Terrence Malick, aunque se resiste a ser fotografiado y a conceder entrevistas, lo que le confiere un aura de misterio y la sensación de que se trata de un ermitaño incapaz de relacionarse con el mundo, ni está solo ni está desconectado del mundo. Le acompañan (le han acompañado siempre), en su viaje estético y vital, nombres como los del filósofo Martin Heidegger, el poeta Walt Whitman o el escritor, poeta, agrimensor, naturalista, activista, anarquista, conferenciante y fabricante de lápices Henry David Thoreau. Y por su visión panteísta y su condición de creador de imágenes, está realmente conectado al hombre, a la vida y al mundo. Desde 1973 ha dirigido cinco largometrajes y, aunque jamás será acreedor de (siempre sospechosos, o casi siempre) consensos de ninguna clase y en ningún lugar, ahora goza de un enorme prestigio como cineasta y de una libertad en sus proyectos con la que pueden ejercer su misión muy pocos (contados con los dedos de una mano) directores en el mundo. Un privilegio conquistado, y no regalado por nadie, a base de coherencia y de una total fidelidad a sí mismo y a su misión de escultor de imágenes y sonidos cinematográficos. Imágenes y sonidos que da la impresión de pertenecerle sólo a él, en verdad, y con los que ha construido una obra breve en títulos pero enorme en cuanto a su capacidad de arrastre, su vuelo poético, su refinada e inimitable búsqueda de lo invisible. Esa indagación abstracta en regiones del alma y de la mente que para muchos artistas queda vedada.
Ahora, tras su paso triunfal por Cannes (no exento de voces que la aborrecían), ha llegado a España la última de estas películas (dicen que ya tiene terminado el rodaje de la siguiente, y que prepara una séptima) y son esperables y lógicas las reacciones dispares (hasta opuestas) ante una película absolutamente inclasificable, alejada de cualquier otra que podamos ver en una pantalla ahora o nunca, y ante la que no es posible acercarse, y mucho menos realizar un análisis medianamente serio y valioso, haciendo uso de las herramientas o los arquetipos que tantas veces se emplean cuando se trata de escribir sobre una obra cinematográfica, pues sus múltiples aristas (conceptuales, filosóficas, formales, temáticas, técnicas, líricas) lo impiden, ya que Malick llega quizá más lejos que nunca en su particular y muy radical concepción del cine.
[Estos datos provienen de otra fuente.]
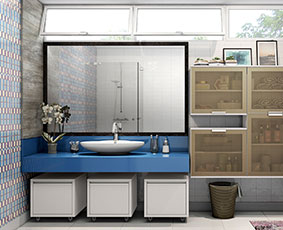 Banheiro + wood interiores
Pero, aunque radical, palpitan en sus imágenes, aunque sea en el subsuelo de ellas, algunas de las indagaciones espirituales de los más grandes directores norteamericanos (Ford, Capra, Lynch), europeos (Truffaut, Erice, Resnais) o asiáticos (Ozu, Mizoguchi, Yimou), y participan de una universalidad incontestable, que las convierte en plenamente accesibles para cualquier ser humano. Una película que, además, encuentra en sus enormes desequilibrios estructurales su verdadera razón de ser y su indescriptible éxtasis emocional. No es la perfección, ni la verdad, lo que aspira a capturar esta hermosa película, sino la escurridiza, luminosa y percutante energía de la vida misma.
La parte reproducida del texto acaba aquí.